1. A tool apparatus, comprising:

an electrically operable bolt driving tool, including an electric drive motor and a temporary storage mechanism, wherein driving energy is deliverable to the temporary storage mechanism by the electric drive motor and wherein the driving energy is temporarily storageable in the temporary storage mechanism and suddenly dispensable in a driving operation by the temporary storage mechanism to drive a bolt;

an electric power supply system coupleable to the bolt driving tool; and

a safety mechanism, wherein the temporary storage mechanism is automatically transferable from a storage state into a defined resting state by the safety mechanism when the electric power supply system is decoupled from the bolt driving tool.

2. The tool apparatus according to claim 1, wherein the electric power supply system is a battery.

3. The tool apparatus according to claim 1, wherein the temporary storage mechanism comprises a main spring element which is tensionable by the electric drive motor to store driving energy and which is automatically relaxable when the electric power supply system is decoupled from the bolt driving tool such that the temporarily stored driving energy is dissipatable in a controlled manner.
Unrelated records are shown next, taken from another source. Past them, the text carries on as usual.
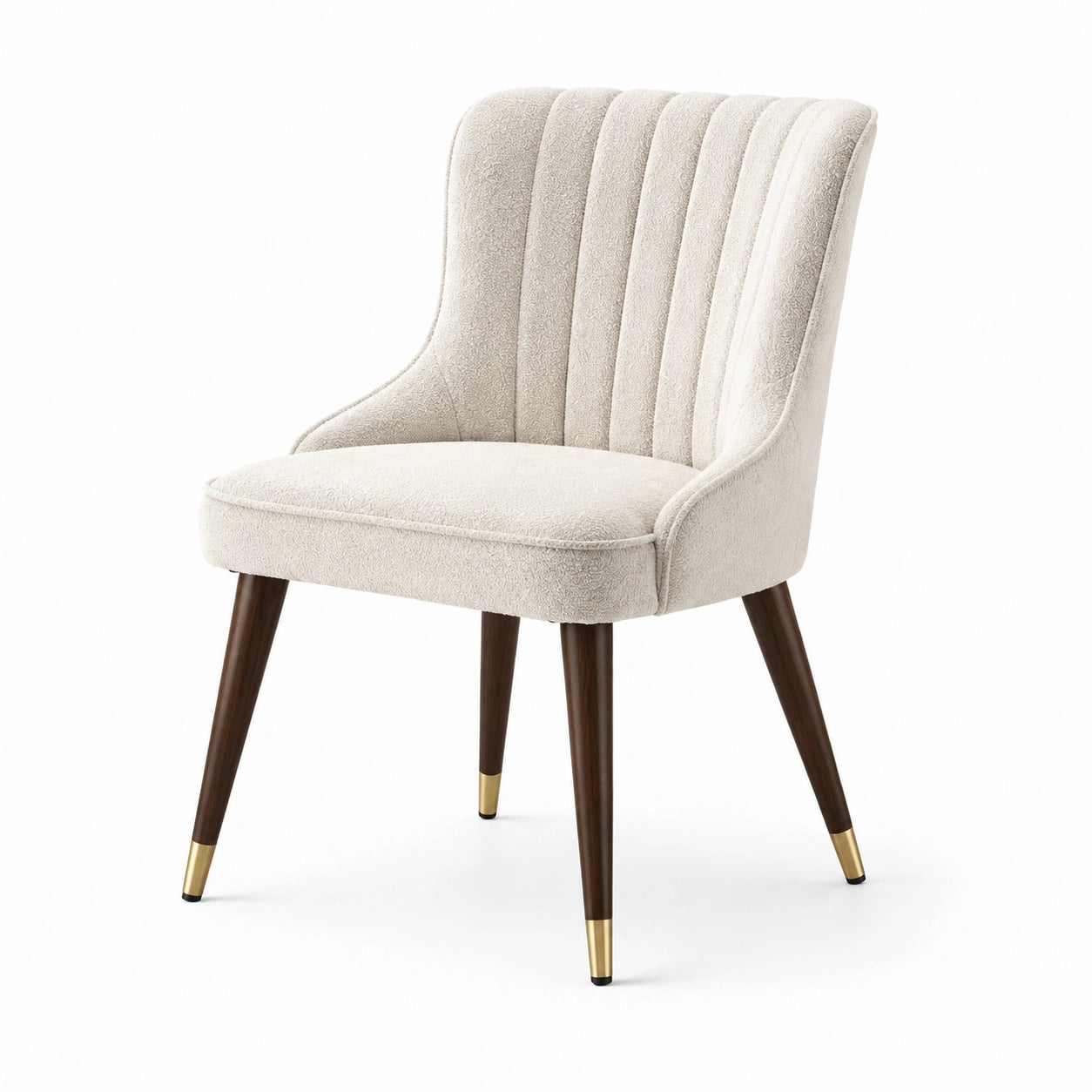Chaise en tissu beige avec pieds en bois et détails dorés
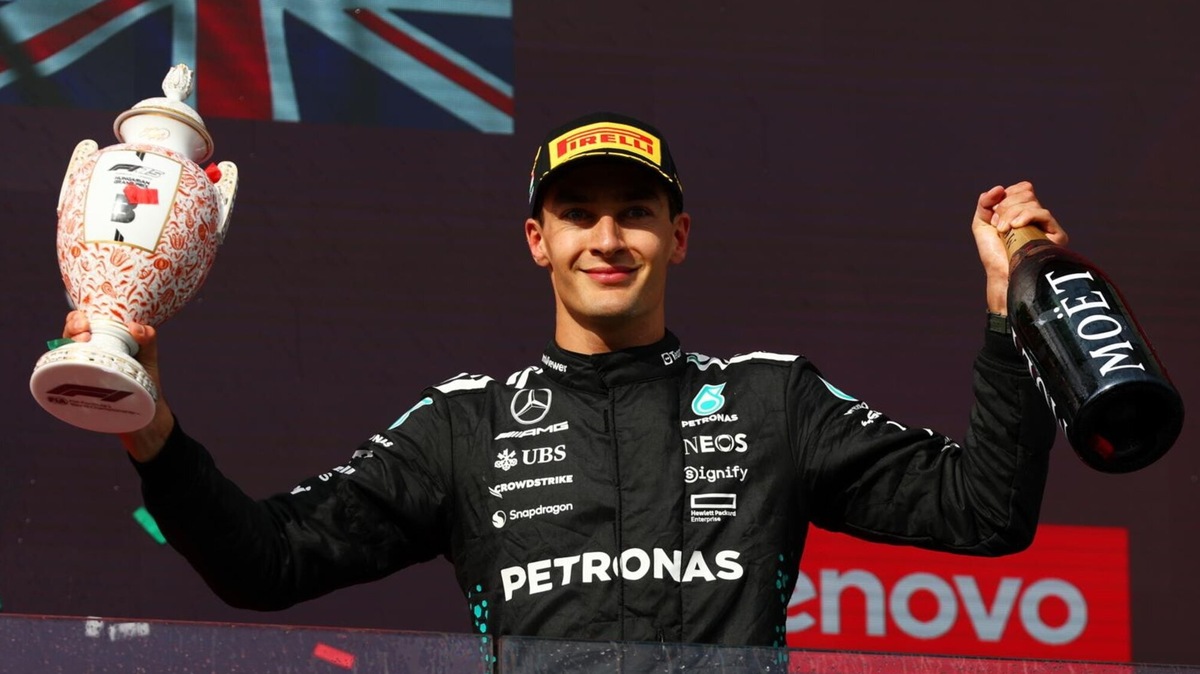 Russell sul rinnovo: "Accadrà quando accadrà. Non c'è fretta"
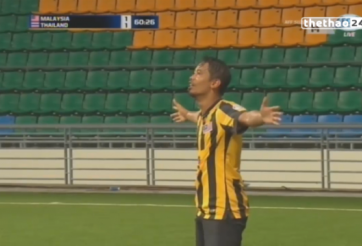 Video AFF Cup 2014: Ghi bàn nâng tỷ số, cầu thủ Malaysia ăn mừng như Ronaldo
4. The tool apparatus according to claim 1, wherein the safety mechanism comprises a pawl, wherein the temporary storage mechanism is held by the pawl in the storage state and wherein the temporary storage mechanism is released by the pawl in the defined resting state.

5. The tool apparatus according to claim 1, wherein the safety mechanism comprises an electromechanical actuator, wherein the actuator automatically unlocks a locking device that holds the temporary storage mechanism in the storage state when the electric power supply system is decoupled from the bolt driving tool.

6. The tool apparatus according to claim 1, wherein the bolt driving tool includes a clutch and/or brake unit, wherein temporarily stored driving power in the temporary storage mechanism is dissipatable in a controlled manner by the clutch and/or brake unit.

7. The tool apparatus according to claim 1, wherein the safety mechanism comprises a safety switch, wherein phases of the electric drive motor are short-circuitable to dissipate temporarily stored driving power in the temporary storage mechanism in a controlled manner.

8. The tool apparatus according to claim 7, wherein the safety switch is a self-conducting electronic switch.

9. The tool apparatus according to claim 8, wherein the self-conducting electronic switch is a JFET.

10. The tool apparatus according to claim 1, wherein the electric drive motor is an electrically commutated electric motor.

11. The tool apparatus according to claim 1, wherein the electric drive motor comprises three phases and is triggerable by a bridge with freewheeling diodes which rectify a voltage generatable in dissipation of temporarily stored driving power in the temporary storage device.

12. An electrically operable bolt driving tool, comprising:

an electric drive motor and a temporary storage mechanism, wherein driving energy is deliverable to the temporary storage mechanism by the electric drive motor and wherein the driving energy is temporarily storageable in the temporary storage mechanism and suddenly dispensable in a driving operation by the temporary storage mechanism to drive a bolt; and

a safety mechanism, wherein the temporary storage mechanism is automatically transferable from a storage state into a defined resting state by the safety mechanism when an electric power supply system is decoupled from the bolt driving tool.

13. A method of operating an electrically operable bolt driving tool, wherein the bolt driving tool includes:

an electric drive motor and a temporary storage mechanism, wherein driving energy is deliverable to the temporary storage mechanism by the electric drive motor and wherein the driving energy is temporarily storageable in the temporary storage mechanism and suddenly dispensable in a driving operation by the temporary storage mechanism to drive a bolt;

and comprising the steps of:

automatically transferring the temporary storage mechanism from a storage state into a defined resting state by decoupling an electric power supply system from the bolt driving tool.